8074 Wandelt u in de waarheid?

7 januari 1962: Boek 85

De wil om tot de waarheid te komen verzekert u deze al; maar hoe zelden is zo'n ernstige wil nog te vinden! De mensen nemen zonder nadenken aan wat hun als waarheid wordt verteld en stellen dan hun gedachten daarop in, d.w.z. in overeenstemming met de hun overgebrachte kennis leven zij of in het licht of in het duister. Want alleen de zuivere waarheid kan licht schenken, terwijl de dwaling altijd de geest zal verduisteren.

Het gaat hierbij om een geestelijk weten, niet om wereldse kennis die met bewijzen gestaafd kan worden. Deze kennis, heeft echter geen invloed op het zieleleven van de mens, aan wie het aardse leven is geschonken voor de voltooiing van de ziel. Daarom: begeer alleen de zuivere waarheid en u zult ze zeker ontvangen. Maar wie kan u garanderen dat, wat u als waarheid wordt aangeboden, aanspraak kan maken, waarheid te zijn?

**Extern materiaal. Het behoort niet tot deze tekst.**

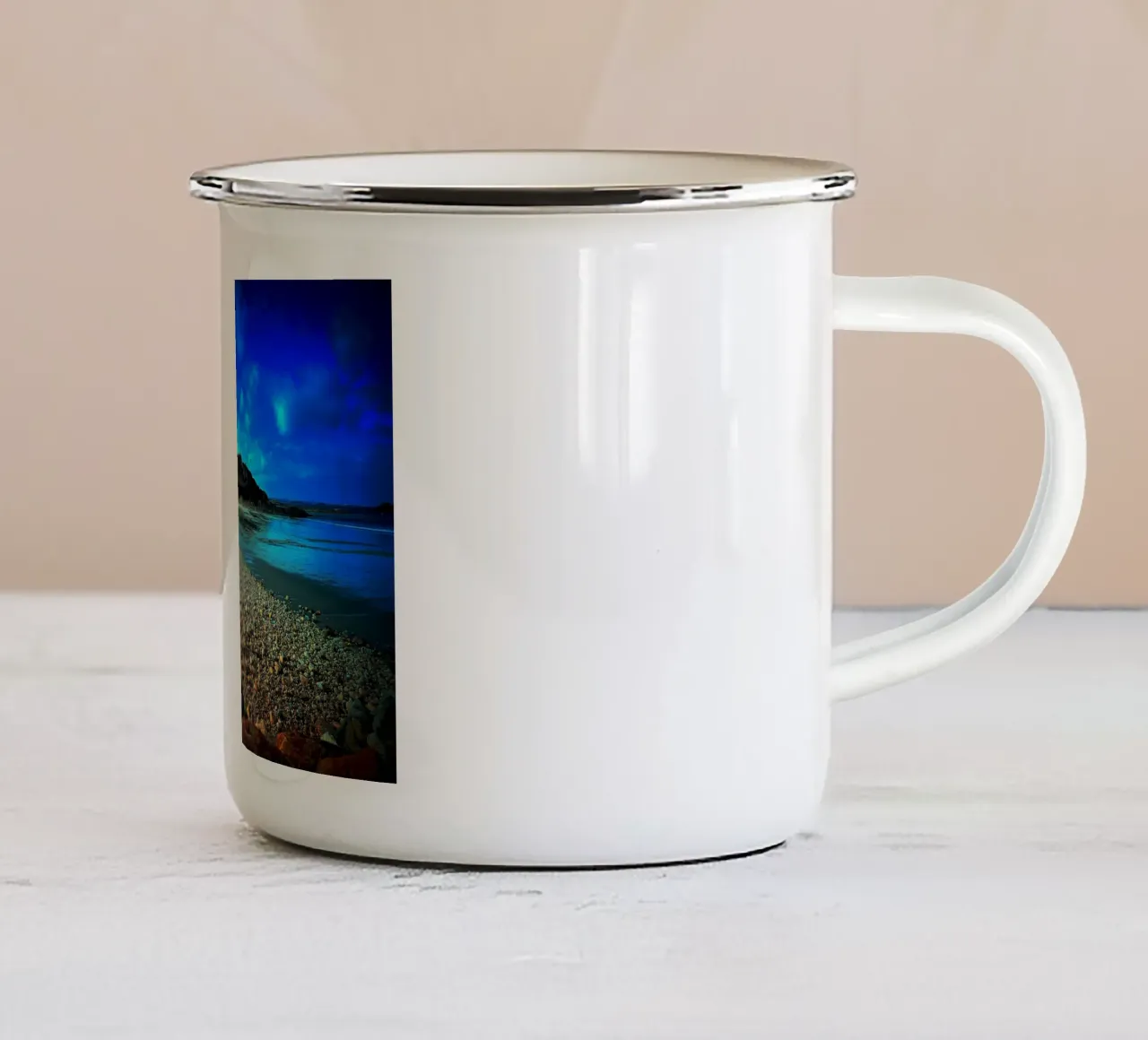 FAA139 tazza in smalto da Thierry vobmann photography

Die vraag moet u zich steeds weer stellen. U moet weten dat er veel geestesrichtingen zijn en dat alle richtingen hun opvattingen als de waarheid uitdragen en dat alle iets anders leren. En toch kan er maar één waarheid zijn. Dus mag u noch de één noch de ander geloven zonder na te denken, maar u moet zich tot de hoogste Instantie wenden, nml. tot de eeuwige WAARHEID Zelf!

U moet zich keren tot HEM, DIE boven alles staat. DIE alles heeft geschapen, DIE hoogst volmaakt is. DIE alles weet en DIE de LIEFDE Zelf is. DIE dus ook u, Zijn schepselen licht wil schenken omdat HIJ u liefheeft. HIJ heeft waarlijk de mensen niet in een staat van geestelijke duisternis geschapen, maar het niet verhinderd, toen zij uit vrije wil zich in het duister begaven en de vorst der duisternis, Lucifer, in zijn rijk volgden.

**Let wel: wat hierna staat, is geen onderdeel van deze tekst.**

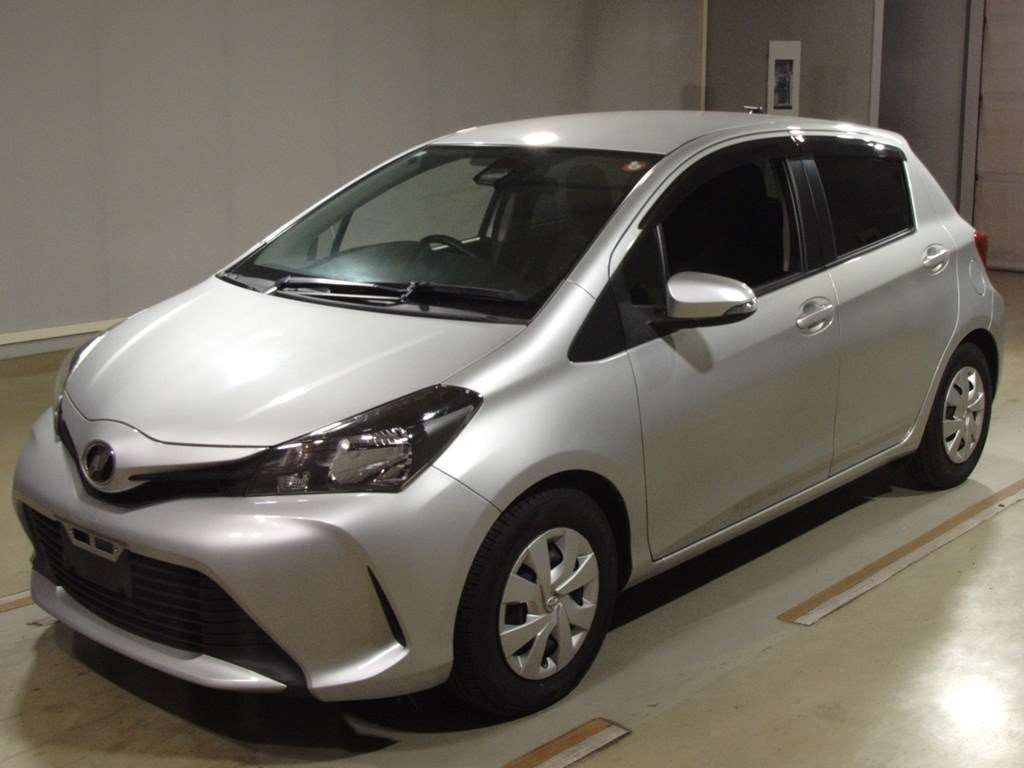 2016 Toyota Vitz NSP130[0]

GOD, DIE u het leven gaf wil echter niet dat u in de duisternis blijft. HIJ wil u licht geven, en te allen tijde kunt u het uit Zijn Hand ontvangen. Altijd is HIJ bereid uw denken te verlichten en u een helder inzicht te geven over alle vragen die u bezig houden. Over alle geestelijke samenhangen, over de reden van uw bestaan en het doel van uw aardse leven.

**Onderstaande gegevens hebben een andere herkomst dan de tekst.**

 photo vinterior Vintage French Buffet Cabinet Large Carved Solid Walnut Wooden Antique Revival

En als de eeuwige WAARHEID Zelf u onderwijst, kan en zal ZIJ u niets anders dan de zuivere waarheid verschaffen - en dan kunt u ook met overtuiging geloven; want dan zult u weten dat u in de waarheid wandelt. Als u ernstig naar de waarheid verlangt, kunt u er ook zeker van zijn dat ze u geschonken wordt. En dit is de eerste voorwaarde, want erkent de mens GOD als de eeuwige WAARHEID, dan zal hij zich ook tot HEM Zelf wenden en HEM om het toezenden van de waarheid vragen. De mens opent zich dan bewust voor de straling van het licht. Hij brengt de verbinding met GOD tot stand wat het doel en de betekenis van het aardse leven is, de verbinding die eens vrijwillg werd afgebroken en waardoor het schepsel in de diepte is gevallen, in donkere troosteloosheid.

Nu opent de mens zich dus weer bewust en laat zich beschijnen door de liefde van GOD, d.w.z. dat zijn lichtloze staat verandert in een toestand van licht en de mens nu een kennis verkrijgt, die tot nog toe voor hem gesloten was. En dat dit kan gebeuren en ook plaatsvindt dat kunt u geloven. En dat ieder mens dat zou kunnen ervaren, mag u ook geloven.

Maar hieraan zijn voorwaarden verbonden die niet iedere mens kan nakomen, wat echter alleen het rechtstreekse zelf ontvangen van de waarheid beperkt, maar niet de toevoer van de zuivere waarheid op een indirecte manier. Want waarlijk, wie de waarheid begeert zal ze ook ontvangen.

Maar ieder kan zichzelf ook zo vormen dat hij de waarheid rechtstreeks ontvangen kan, als hij maar een leven van onbaatzuchtige naastenliefde leidt en daardoor de geest in zichzelf tot leven wekt die als deel van GOD in ieder mens sluimert en door de liefde tot ontplooiing wordt gebracht. En die, omdat hij een deel van GOD is ook alles weet en zo de mens van binnen uit kan onderrichten.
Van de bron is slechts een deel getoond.